Each entry that follows should be given again word for word; please leave out its pictures.

Study material:
§
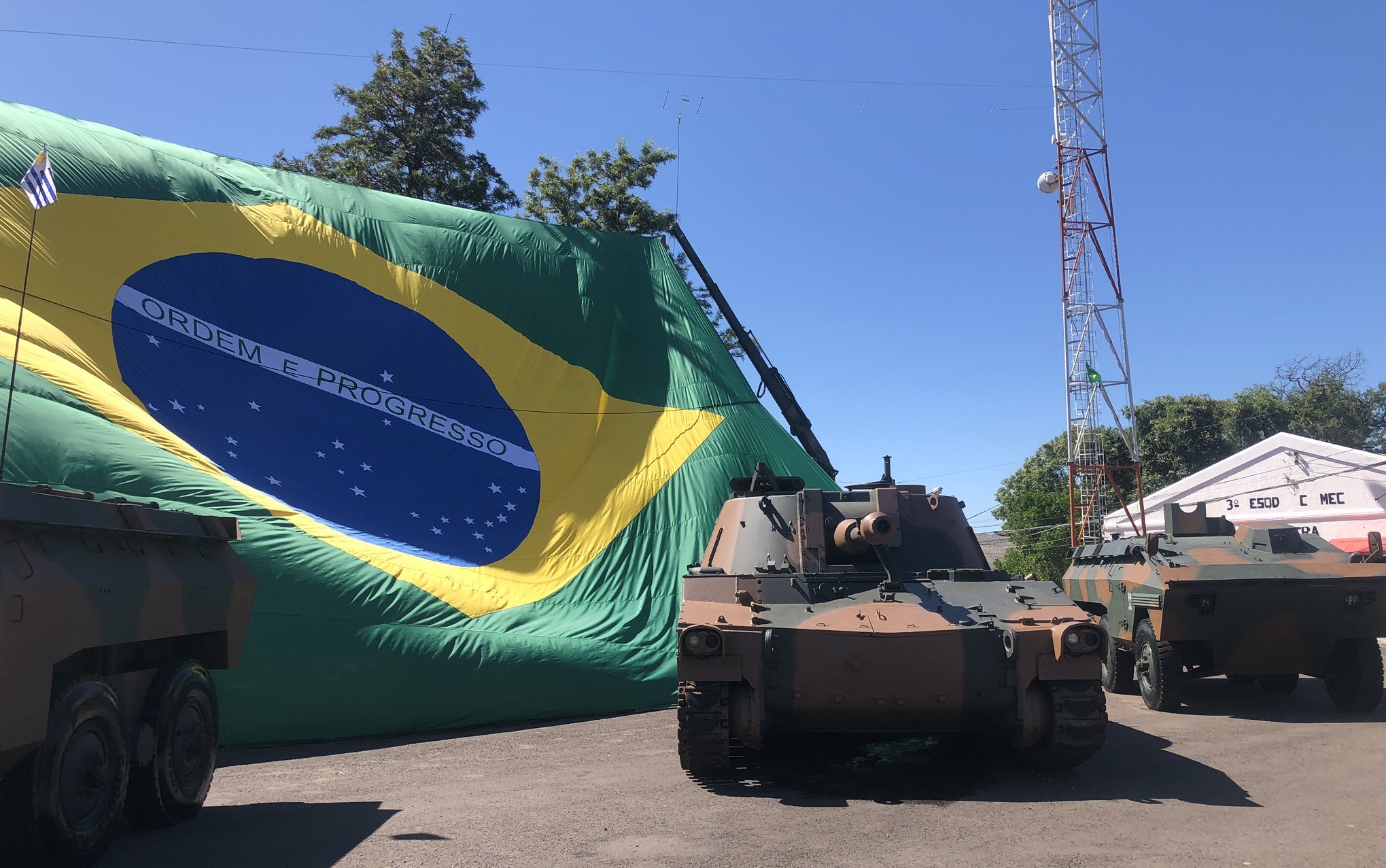 Le Brésil a fait don de 10 obusiers automoteurs M108 et de 11 véhicules blindés Engesa EE-11 Urutu à l'Uruguay. Le Brésil a fait don de 10 obusiers automoteurs M108 et de 11 véhicules blindés Engesa EE-11 Urutu à l'Uruguay.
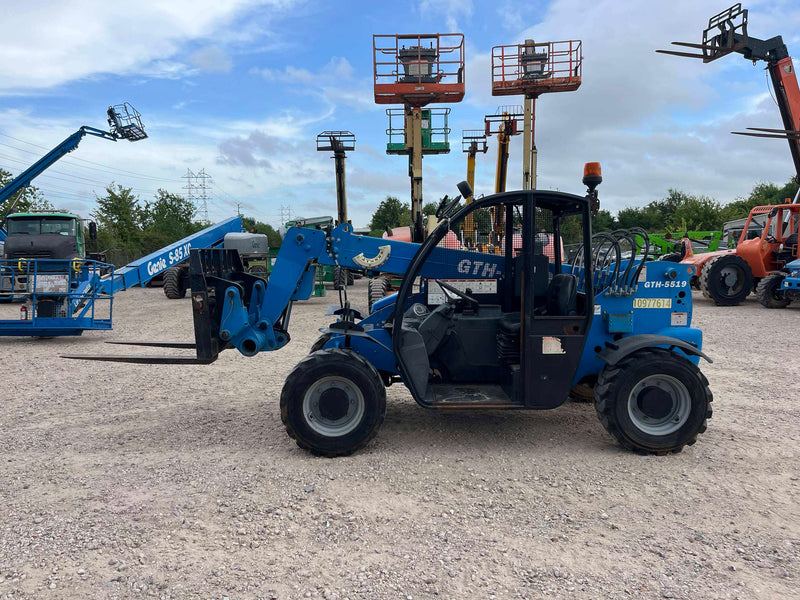 Used 2019 GENIE GTH-5519 Telehandler Forklift, photo 2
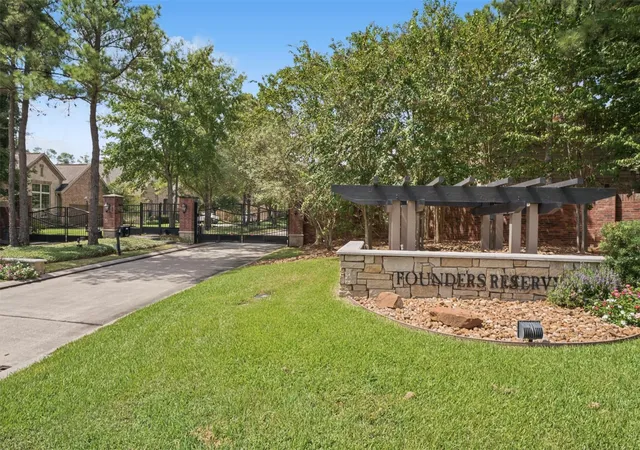 Photo 2 of Sale Pending at 8897 Van Allen Dr, Spring, TX 77381 | MLS# 37059224 | Listing updated on 2026-10-02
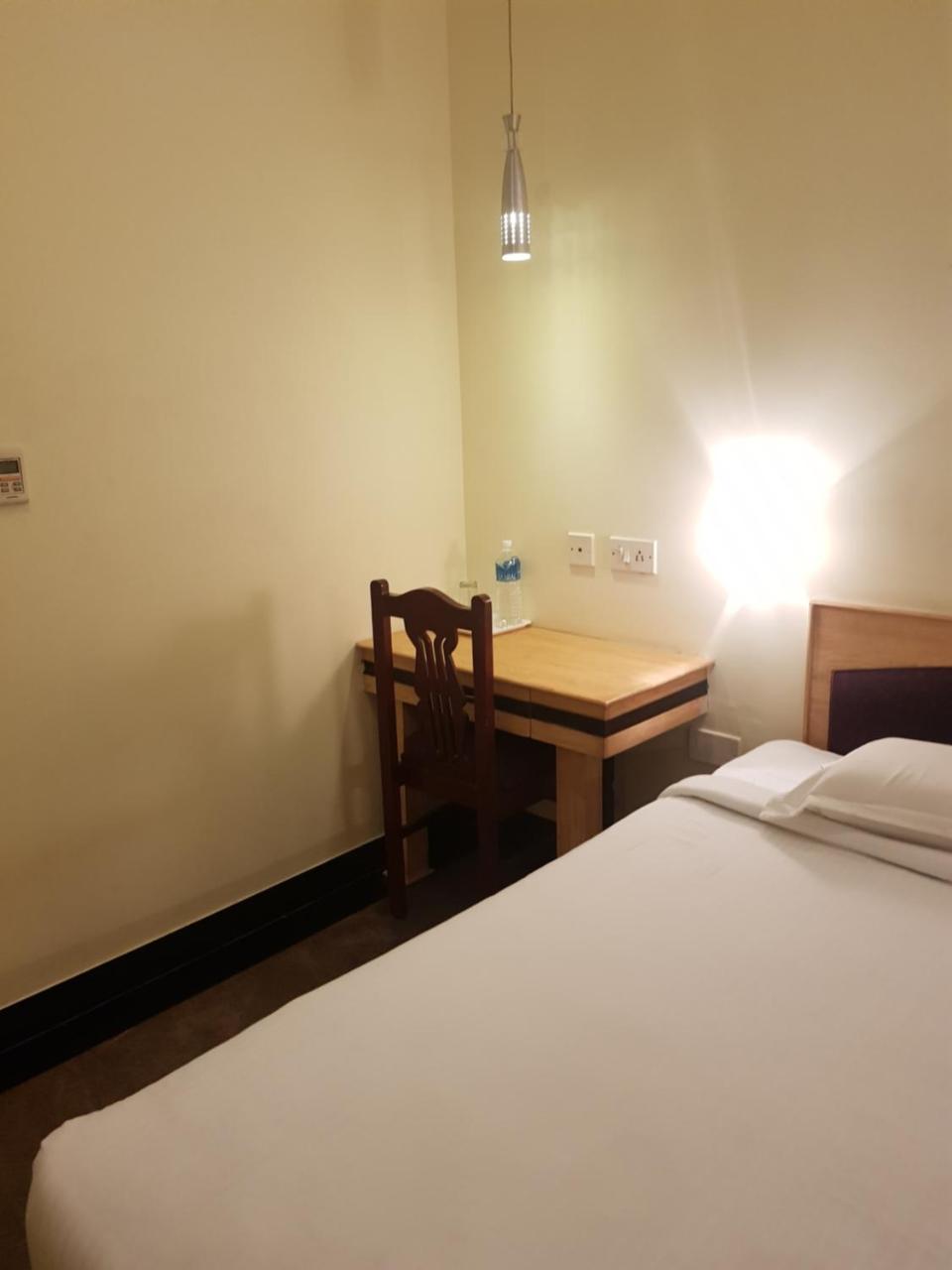 P R Pride Inn Pondicherry Exteriör bild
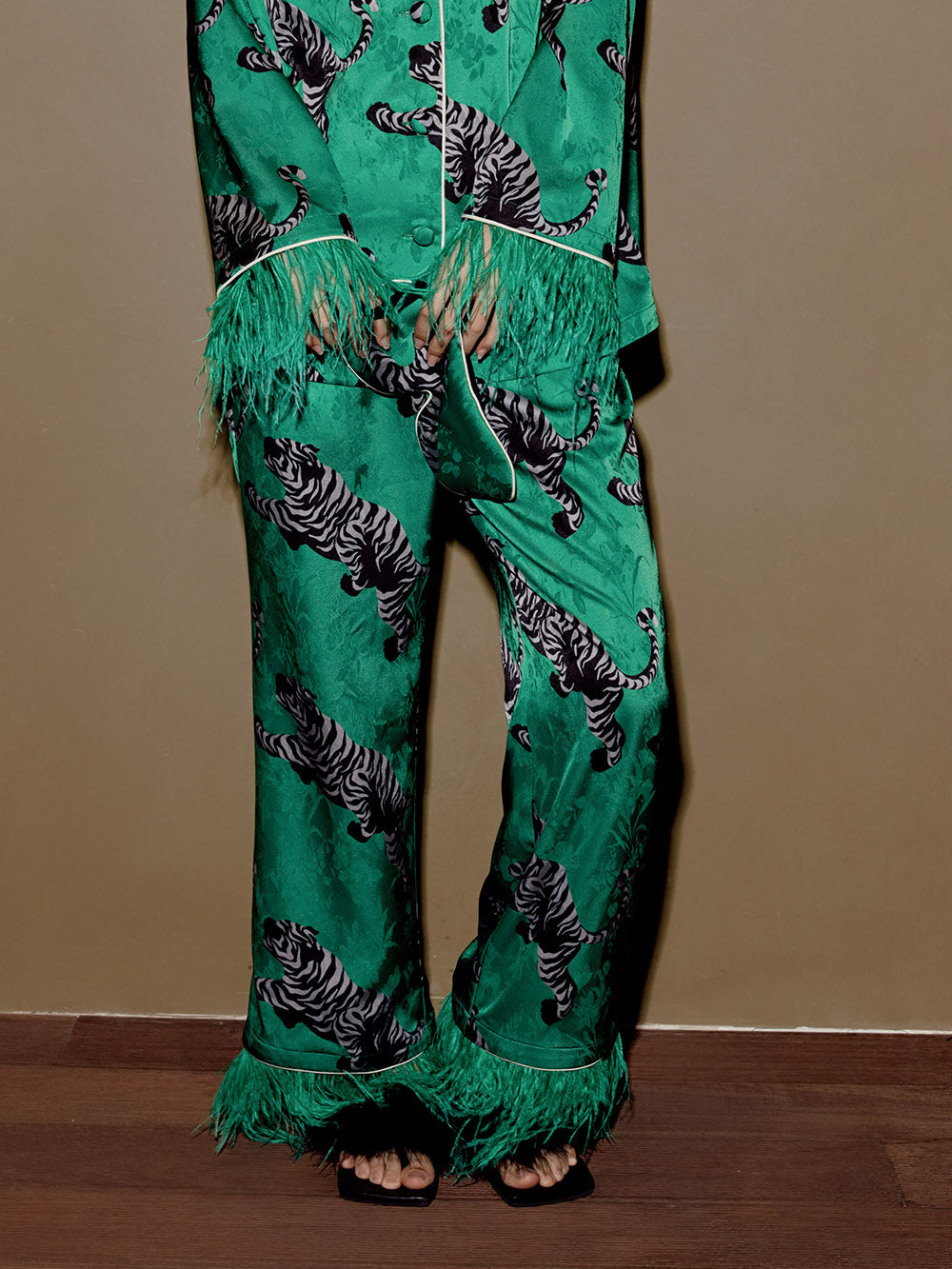 MUKZIN Crouching Dragon and Hidden Tiger with Ostrich Hair Pajama Pants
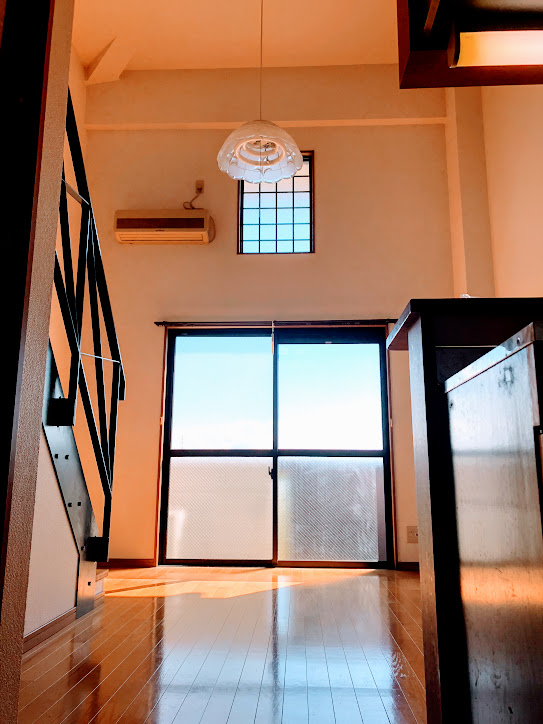 居室・リビング　天井が高いと開放感があります。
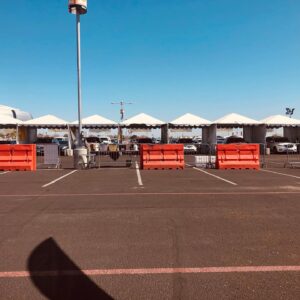 Angie Everhart Instagram - #volunteer @statefarmstadium #vaccinationdone✔️ #ᴠᴀᴄᴄɪɴᴇssᴀᴠᴇʟɪᴠᴇs #vaccinated had an amazing day volunteering to help on a day that the stadium needed people. Long waits for those in line. Was eye opening to be on the front line of history in the making. #pandemic #pandemicsucks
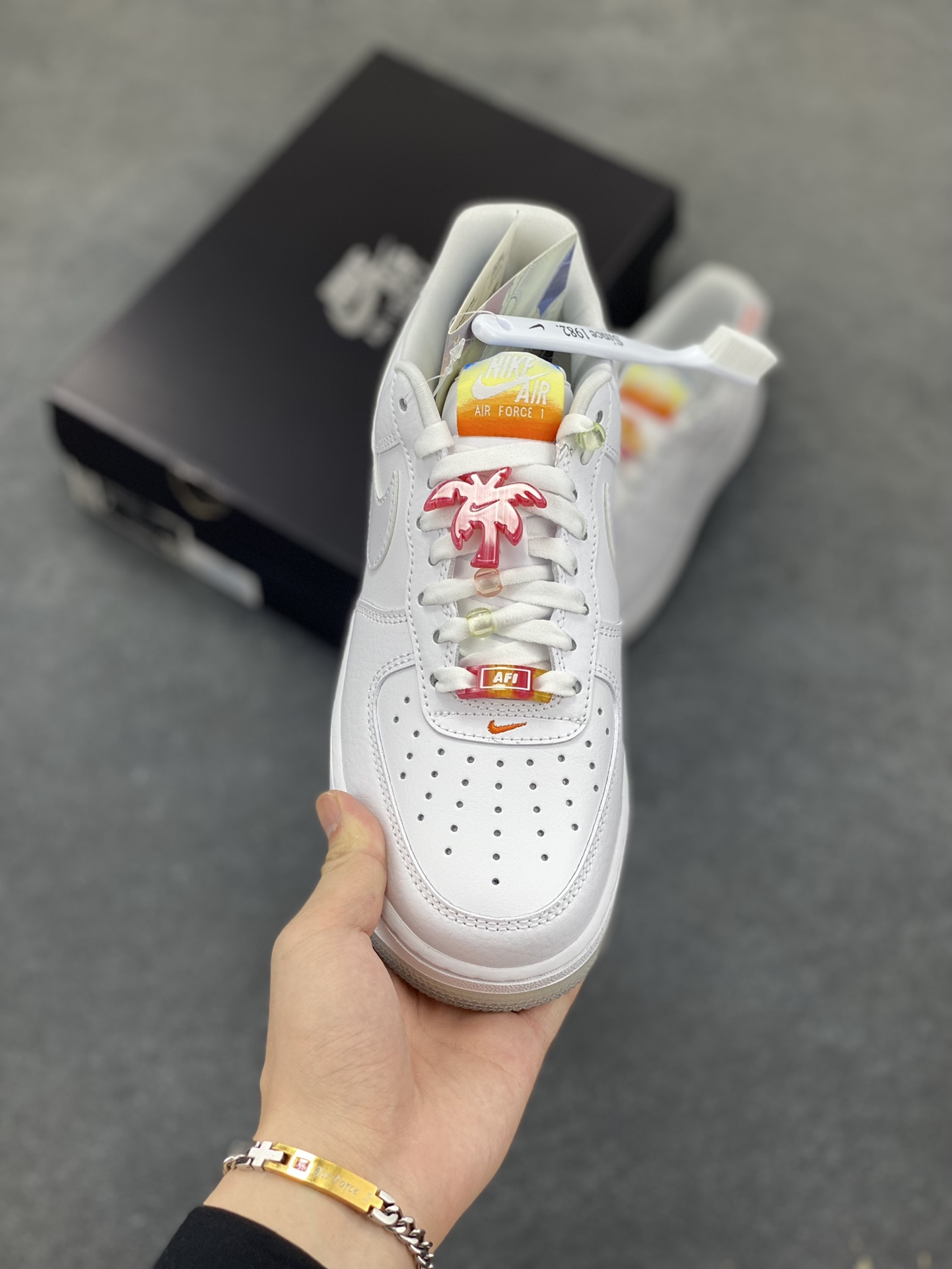 图片[2]-HY版本💯 Air Force 1 Low 夏日白橙 原楦头原纸板 打造纯正空军版型 #专注外贸渠道 全掌内置蜂窝气垫 #原盒配件 原厂中底钢印、拉帮完美 货号：IB8875-111 尺码：36 36.5 37.5 38 38.5 39 40 40.5 41 42 42.5 43-选品中心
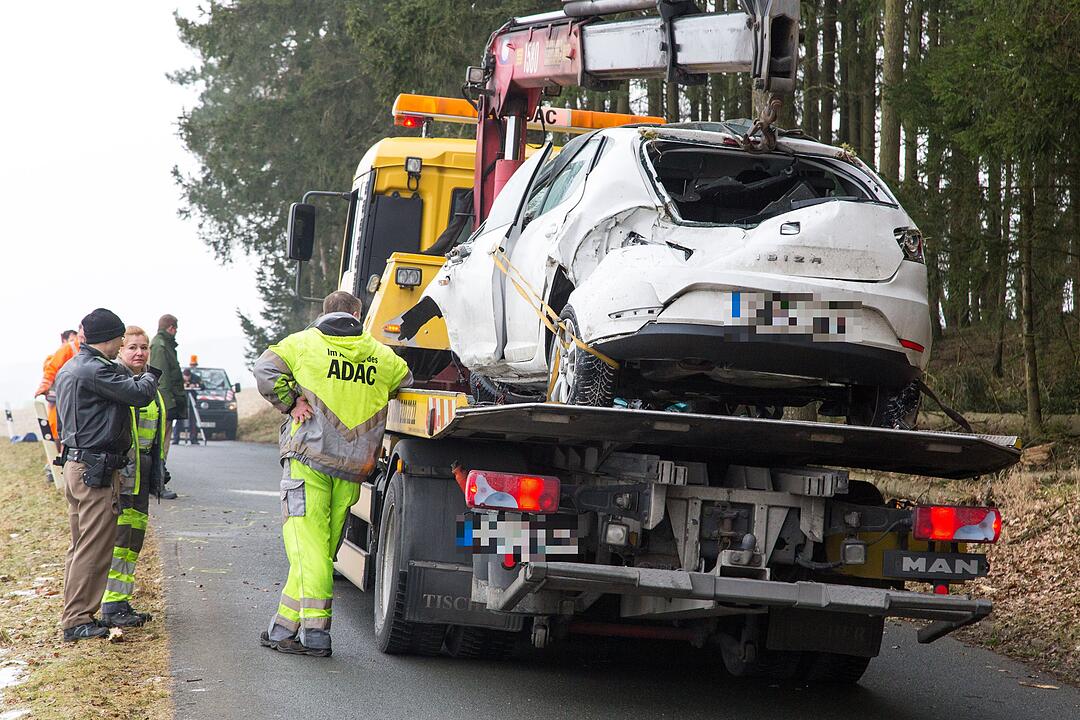 Sonnefeld: Mann prallt mit Auto gegen mehrere Bäume und stirbt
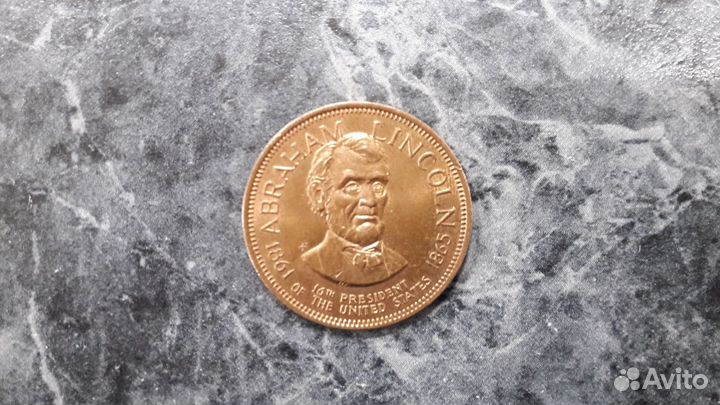 Монета жетон Авраам Линкольн США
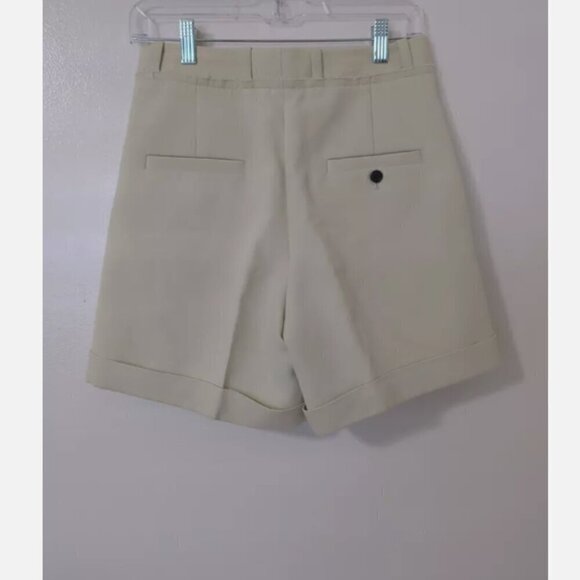 3.1 Phillip Lim Cream Pleated Shorts, Size 2, EUC - Picture 2 of 4
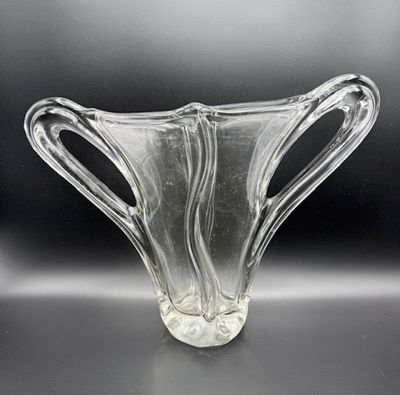 un vase en verre posé sur une table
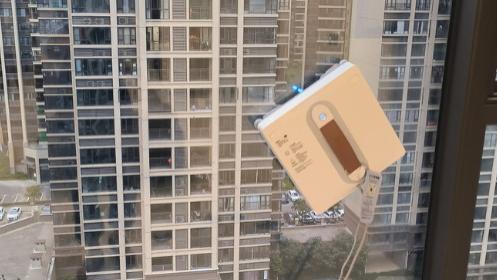 全自动擦窗机器人实用吗？高品质擦玻璃机器人品牌排行榜前十名推荐，高效清洁不留痕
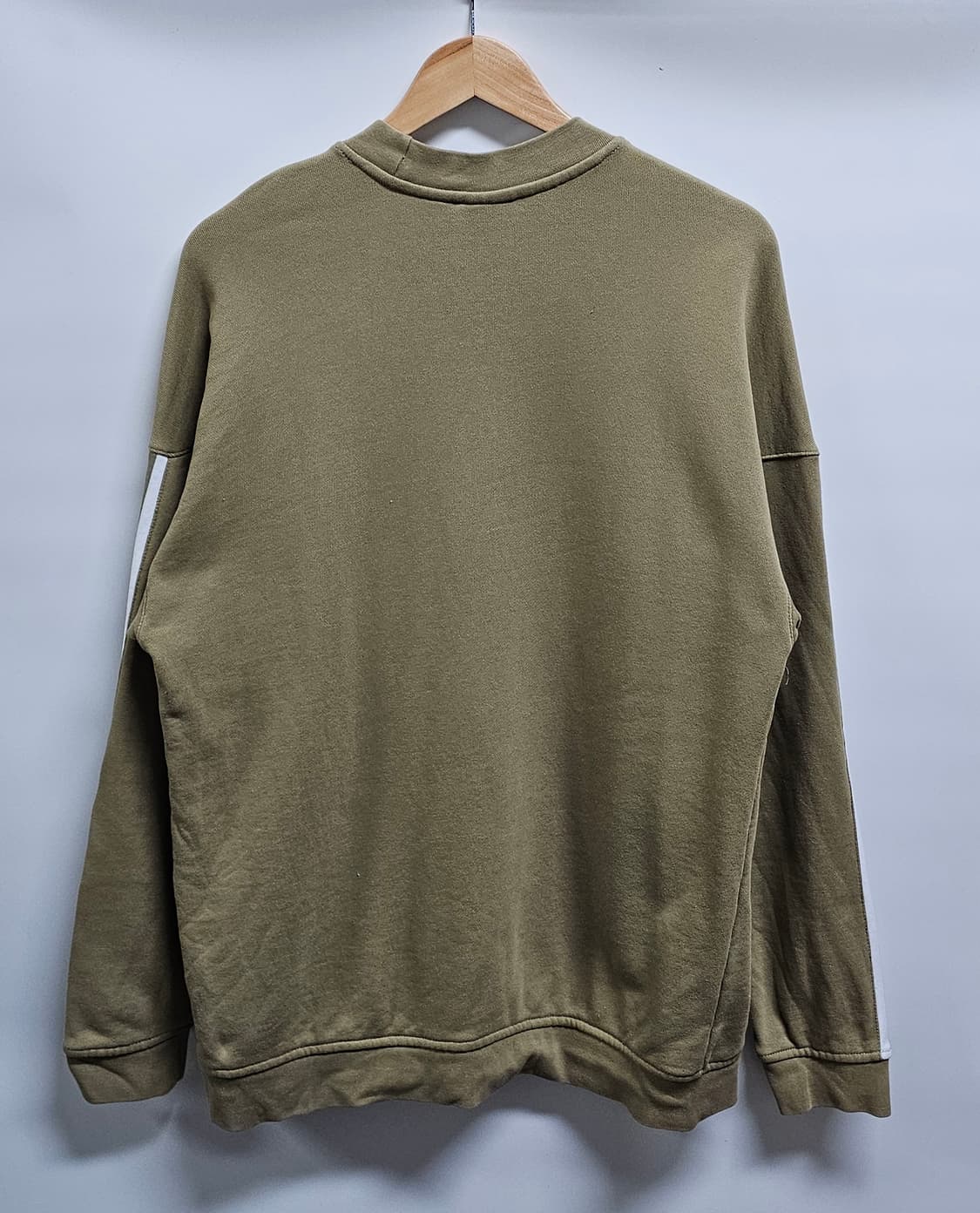 아디다스 락업 크루맨투맨 XL 상품이미지2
§
Output for this task:
 Le Brésil a fait don de 10 obusiers automoteurs M108 et de 11 véhicules blindés Engesa EE-11 Urutu à l'Uruguay. Le Brésil a fait don de 10 obusiers automoteurs M108 et de 11 véhicules blindés Engesa EE-11 Urutu à l'Uruguay.
 Used 2019 GENIE GTH-5519 Telehandler Forklift, photo 2
 Photo 2 of Sale Pending at 8897 Van Allen Dr, Spring, TX 77381 | MLS# 37059224 | Listing updated on 2026-10-02
 P R Pride Inn Pondicherry Exteriör bild
 MUKZIN Crouching Dragon and Hidden Tiger with Ostrich Hair Pajama Pants
 居室・リビング　天井が高いと開放感があります。
 Angie Everhart Instagram - #volunteer @statefarmstadium #vaccinationdone✔️ #ᴠᴀᴄᴄɪɴᴇssᴀᴠᴇʟɪᴠᴇs #vaccinated had an amazing day volunteering to help on a day that the stadium needed people. Long waits for those in line. Was eye opening to be on the front line of history in the making. #pandemic #pandemicsucks
 图片[2]-HY版本💯 Air Force 1 Low 夏日白橙 原楦头原纸板 打造纯正空军版型 #专注外贸渠道 全掌内置蜂窝气垫 #原盒配件 原厂中底钢印、拉帮完美 货号：IB8875-111 尺码：36 36.5 37.5 38 38.5 39 40 40.5 41 42 42.5 43-选品中心
 Sonnefeld: Mann prallt mit Auto gegen mehrere Bäume und stirbt
 Монета жетон Авраам Линкольн США
 3.1 Phillip Lim Cream Pleated Shorts, Size 2, EUC - Picture 2 of 4
 un vase en verre posé sur une table
 全自动擦窗机器人实用吗？高品质擦玻璃机器人品牌排行榜前十名推荐，高效清洁不留痕
 아디다스 락업 크루맨투맨 XL 상품이미지2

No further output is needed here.